■ **TASK PROMPT**
Within the entries below, output exactly the lines between the line containing "Gudang Industri Blessindo" and the line containing "Horse Hand Painted", inclusive, and omit any picture.

■ **DATASET RECORDS**
=====

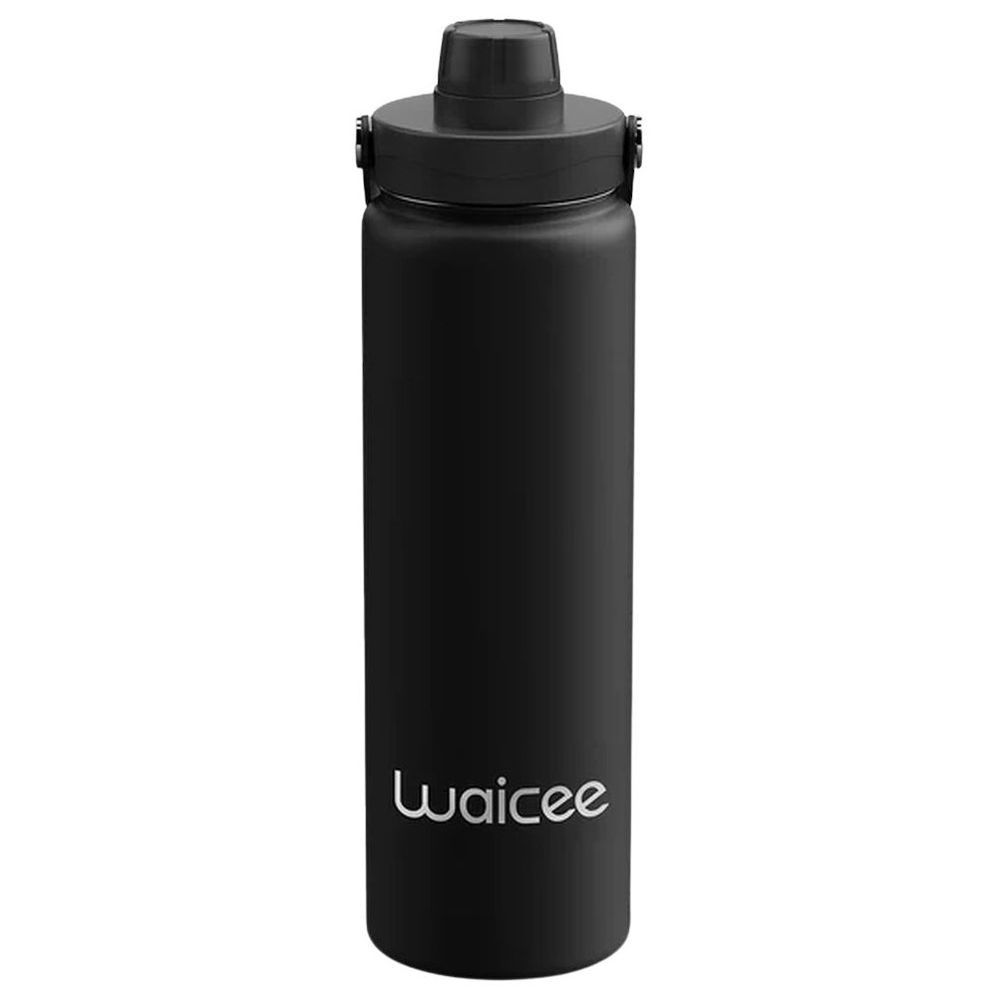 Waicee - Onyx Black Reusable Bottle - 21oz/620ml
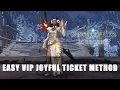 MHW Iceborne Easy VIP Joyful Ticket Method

=====

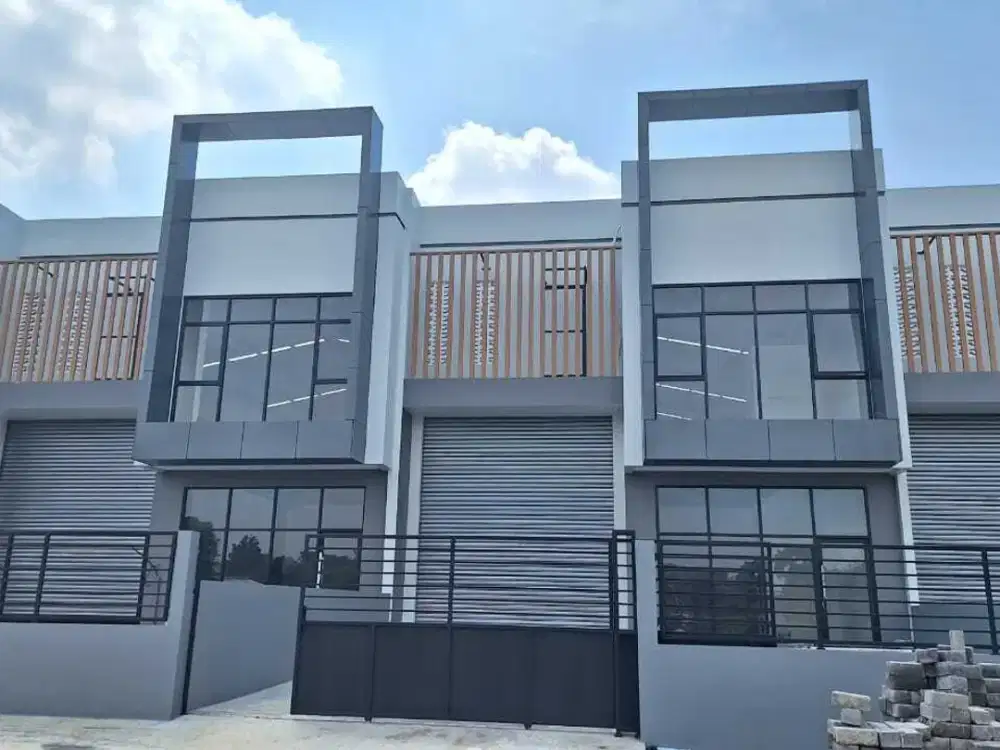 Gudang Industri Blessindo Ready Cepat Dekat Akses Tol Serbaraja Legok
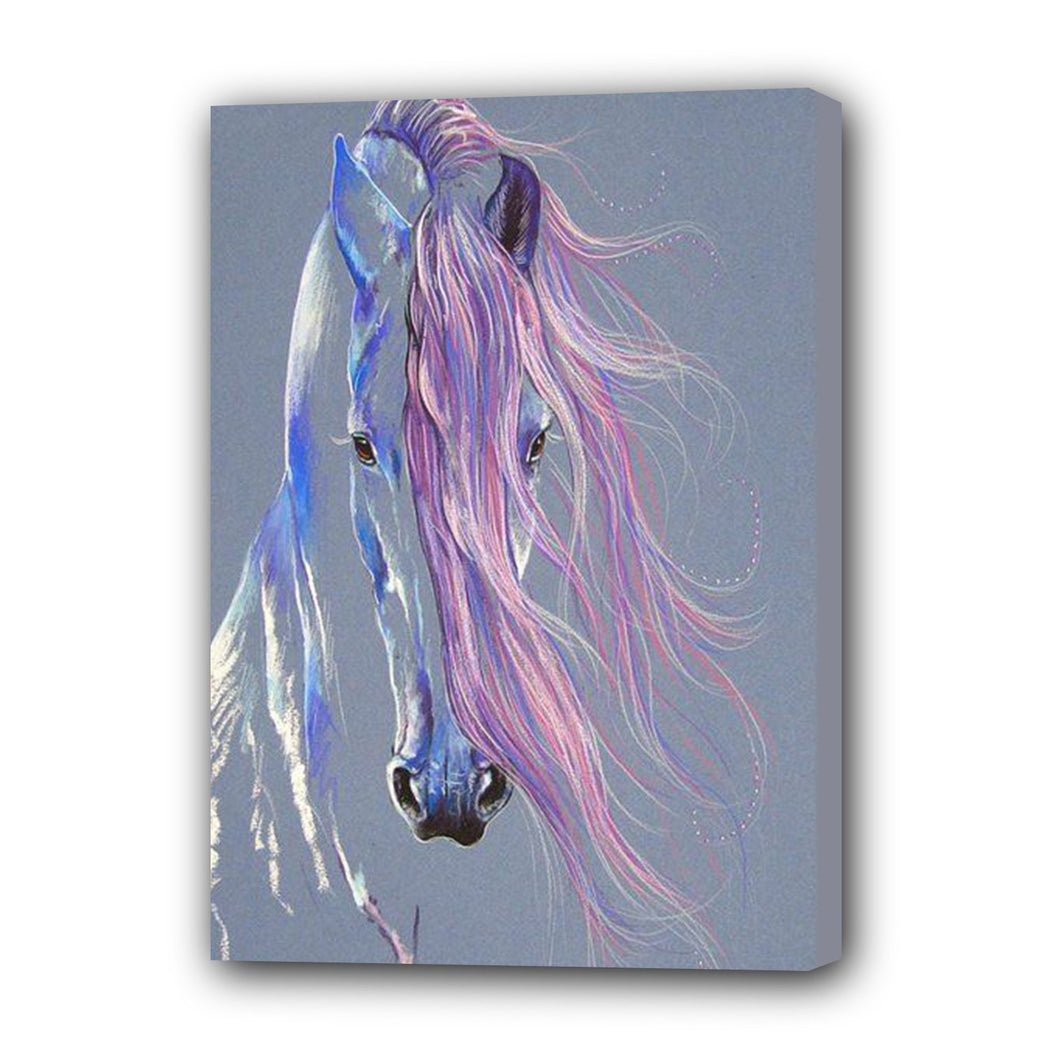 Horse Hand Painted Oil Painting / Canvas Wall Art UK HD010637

=====

■ **RESPONSE**
 Gudang Industri Blessindo Ready Cepat Dekat Akses Tol Serbaraja Legok
 Horse Hand Painted Oil Painting / Canvas Wall Art UK HD010637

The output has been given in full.